Harry, Hermione, and Ron finally meet up with Sirius Black who tells them
who it was that really killed James and Lily Potter. Sirius, also the name
for the "dog star," becomes a source of light and insight about
the death of the royal couple. But it's too late. The Dementors start
closing in. Harry musters up a Patronus Charm to ward them off but lacks the
power to repel the herd of one hundred. As something begins to encircle him,
miraculously the cold wave begins to leave his body. Harry sees an animal,
glowing in the moonlight.
He screwed up his eyes, trying to see what it was. It looked like a horse.
It was galloping silently away from him, across the black surface of the
lake. He saw it lower its head and charge the swarming dementors.... They
were gone. The Patronus turned. It was cantering back towards Harry....It
was a stag....Its hooves made no mark on the soft ground as it stared at
Harry with its large, silver eyes. Slowly it bowed its antlered head. And
Harry realized...'Prongs,' he whispered....it vanished. (p. 411-12)
James Potter was a specially trained "animagi," a wizard who was
able to transform at will into an animal. His animal self is Prongs, a stag.
Sirius Black, also an animagi, can shift into Padfoot, the black dog. They
were two of the original Magical Marauders, the source of the Map given to
Harry. But James Potters' choice of the stag form to preserve himself
deserves comment.
The stag has archaic symbolic links to the Tree of Life due to the
resemblance of its antlers to the cyclic life of branches. It is also seen
as the forerunner of daylight or guide to the light of the Sun; it is a
harbinger of supreme consciousness. In alchemy the cervus fugitivus, the
fugitive stag, is often the name for the highly elusive, metamorphosing
Spirit Mercurius. (Mark Haeffner, Dictionary of Alchemy, London, Aquarian,
1991, p. 142) Jung said that "the secret of Merlin was carried on by
alchemy, primarily in the figure of Mercurius." ( C. G. Jung, Memories,
Dreams, Reflections, New York, Vintage Books, 1961, p. 228)
Like the shaman that aligns with special animals, Harry connects with his
father's animagi, animal spirit and it gives him new strength to fight
against the takeover and loss of his soul. A stunned Harry tells Dumbledore
that the Patronus couldn't have been his father, because his father is dead.

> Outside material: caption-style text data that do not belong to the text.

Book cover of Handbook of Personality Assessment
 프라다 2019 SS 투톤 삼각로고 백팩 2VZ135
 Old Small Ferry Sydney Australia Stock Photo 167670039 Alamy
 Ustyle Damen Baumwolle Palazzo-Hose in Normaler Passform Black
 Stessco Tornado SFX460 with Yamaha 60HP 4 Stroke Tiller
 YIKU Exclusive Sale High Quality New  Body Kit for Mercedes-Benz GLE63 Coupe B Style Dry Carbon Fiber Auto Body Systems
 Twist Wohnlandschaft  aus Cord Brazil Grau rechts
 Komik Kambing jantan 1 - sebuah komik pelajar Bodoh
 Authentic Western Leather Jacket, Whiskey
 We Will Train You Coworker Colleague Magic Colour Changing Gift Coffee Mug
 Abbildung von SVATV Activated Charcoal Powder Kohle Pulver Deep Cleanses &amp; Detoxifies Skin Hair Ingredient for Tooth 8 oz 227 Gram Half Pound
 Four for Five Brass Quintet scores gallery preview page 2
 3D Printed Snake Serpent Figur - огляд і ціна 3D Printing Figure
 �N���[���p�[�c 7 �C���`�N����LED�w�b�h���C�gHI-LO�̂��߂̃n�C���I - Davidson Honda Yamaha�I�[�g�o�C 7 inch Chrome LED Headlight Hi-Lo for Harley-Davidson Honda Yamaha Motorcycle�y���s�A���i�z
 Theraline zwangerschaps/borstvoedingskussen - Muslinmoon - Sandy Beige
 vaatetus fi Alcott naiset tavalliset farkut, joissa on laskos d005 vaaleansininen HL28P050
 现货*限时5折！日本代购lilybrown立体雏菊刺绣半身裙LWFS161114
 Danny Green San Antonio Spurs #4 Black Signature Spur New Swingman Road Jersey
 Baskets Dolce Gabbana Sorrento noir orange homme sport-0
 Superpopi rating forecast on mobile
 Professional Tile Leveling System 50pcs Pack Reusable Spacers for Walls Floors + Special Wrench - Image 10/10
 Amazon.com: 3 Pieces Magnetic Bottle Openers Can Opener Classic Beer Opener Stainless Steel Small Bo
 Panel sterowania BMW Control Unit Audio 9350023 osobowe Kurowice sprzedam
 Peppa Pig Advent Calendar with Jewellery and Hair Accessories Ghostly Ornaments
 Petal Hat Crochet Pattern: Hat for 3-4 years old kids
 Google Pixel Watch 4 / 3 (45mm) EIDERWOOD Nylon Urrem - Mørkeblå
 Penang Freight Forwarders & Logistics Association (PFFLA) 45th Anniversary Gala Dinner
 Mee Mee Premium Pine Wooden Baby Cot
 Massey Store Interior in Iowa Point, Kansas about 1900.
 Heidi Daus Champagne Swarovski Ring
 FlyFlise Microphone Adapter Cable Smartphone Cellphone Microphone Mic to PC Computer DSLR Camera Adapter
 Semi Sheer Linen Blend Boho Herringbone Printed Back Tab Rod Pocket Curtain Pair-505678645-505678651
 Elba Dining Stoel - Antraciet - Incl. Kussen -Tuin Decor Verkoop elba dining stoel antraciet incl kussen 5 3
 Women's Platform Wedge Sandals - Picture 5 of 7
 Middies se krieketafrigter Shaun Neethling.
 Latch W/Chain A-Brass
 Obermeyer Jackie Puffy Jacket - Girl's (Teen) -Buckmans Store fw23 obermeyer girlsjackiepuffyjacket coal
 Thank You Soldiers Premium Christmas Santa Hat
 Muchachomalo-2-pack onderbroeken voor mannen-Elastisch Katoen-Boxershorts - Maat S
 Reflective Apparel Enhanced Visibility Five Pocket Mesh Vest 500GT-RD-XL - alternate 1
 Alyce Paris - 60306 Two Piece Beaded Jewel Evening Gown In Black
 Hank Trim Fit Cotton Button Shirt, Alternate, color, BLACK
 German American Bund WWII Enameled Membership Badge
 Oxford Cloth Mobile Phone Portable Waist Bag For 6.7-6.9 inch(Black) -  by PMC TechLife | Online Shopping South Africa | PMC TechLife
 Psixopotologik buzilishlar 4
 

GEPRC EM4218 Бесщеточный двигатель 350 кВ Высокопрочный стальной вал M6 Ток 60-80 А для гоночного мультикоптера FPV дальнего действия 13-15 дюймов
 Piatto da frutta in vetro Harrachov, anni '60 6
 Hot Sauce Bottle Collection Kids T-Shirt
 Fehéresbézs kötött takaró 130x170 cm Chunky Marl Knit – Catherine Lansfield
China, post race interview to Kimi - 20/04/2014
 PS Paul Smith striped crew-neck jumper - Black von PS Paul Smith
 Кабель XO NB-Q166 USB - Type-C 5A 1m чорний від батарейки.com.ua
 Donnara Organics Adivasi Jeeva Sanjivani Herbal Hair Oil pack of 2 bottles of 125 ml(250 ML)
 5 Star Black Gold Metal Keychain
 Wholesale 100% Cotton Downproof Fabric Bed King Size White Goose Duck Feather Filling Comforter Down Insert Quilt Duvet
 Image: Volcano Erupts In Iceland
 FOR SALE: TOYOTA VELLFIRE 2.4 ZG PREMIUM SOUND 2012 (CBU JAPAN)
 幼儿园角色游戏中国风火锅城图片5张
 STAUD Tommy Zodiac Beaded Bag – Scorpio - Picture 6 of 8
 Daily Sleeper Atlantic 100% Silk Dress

You think the dead we loved ever truly leave us? You think that we don't
recall them more clearly than ever in times of great trouble? You father is
alive in you, Harry, and shows himself most plainly when you have need of
him. How else could you produce that particular Patronus? Prongs rode again
last night....You know Harry, in a way, you did see you father last
night....You found him in yourself. (p. 427-428)
Like the babe in the manger to whom the Magi brought their gifts, Harry at
Hogwarts is saved by the animagi. The chthonic encounter with his paternal
authority in his 13th year pushes Harry over a new threshold of initiation.
A DIABOLIC CONJUNCTIO
Harry Potter and The Goblet of Fire, the recently published fourth volume of
the series, is Rowling's olympic showcase for Harry and his magical talents.
In relation to what has come before, everything in this 734 page magnum opus
is more elaborated. Two major international events, the Quidditch World Cup
and the Triwizard Tournament, add external pressures (and new imported
contents) to the expanding Hogwarts vessel. Surprise operations and plot
twists crystallize deeper courage as well as blacker magic. Although Harry's
ostensible goal through the maze of the three tasks set for him in this
installment of his initiation is the Goblet of Fire, even that, once
attained is but an auxiliary support on his way to the Holy Grail.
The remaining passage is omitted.